→ Exercise:
Copy the listing exactly, images excluded.

→ Information provided:
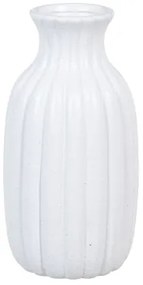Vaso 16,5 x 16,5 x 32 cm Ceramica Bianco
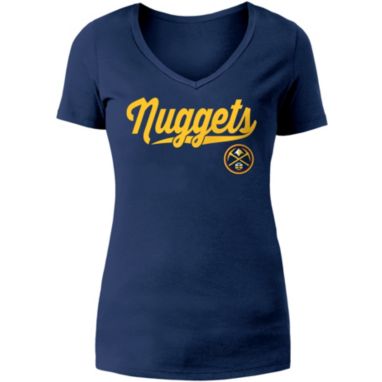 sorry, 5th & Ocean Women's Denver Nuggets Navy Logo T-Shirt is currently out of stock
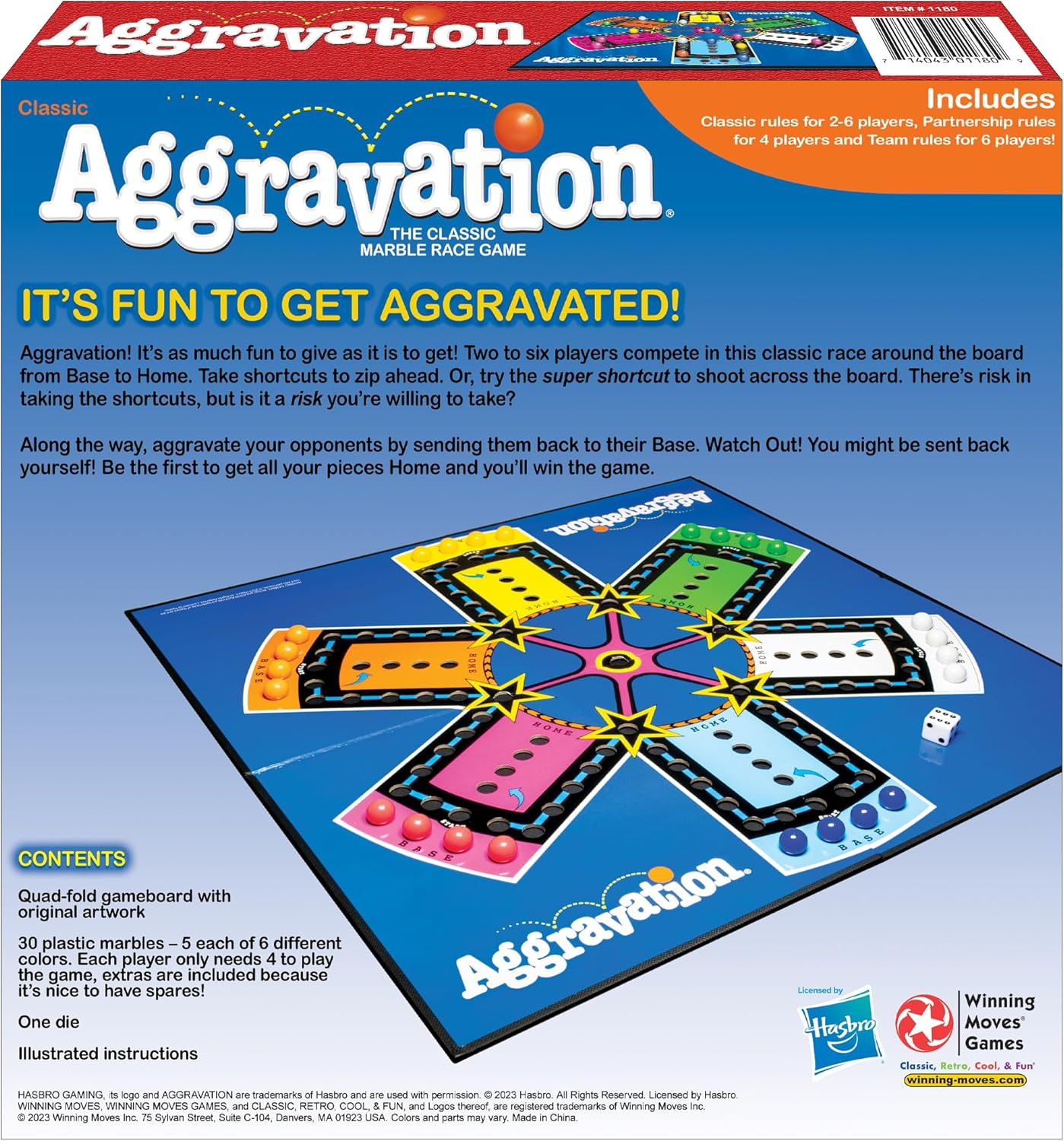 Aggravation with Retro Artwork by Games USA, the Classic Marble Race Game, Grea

→ Output for this exercise:
Vaso 16,5 x 16,5 x 32 cm Ceramica Bianco
 sorry, 5th & Ocean Women's Denver Nuggets Navy Logo T-Shirt is currently out of stock
 Aggravation with Retro Artwork by Games USA, the Classic Marble Race Game, Grea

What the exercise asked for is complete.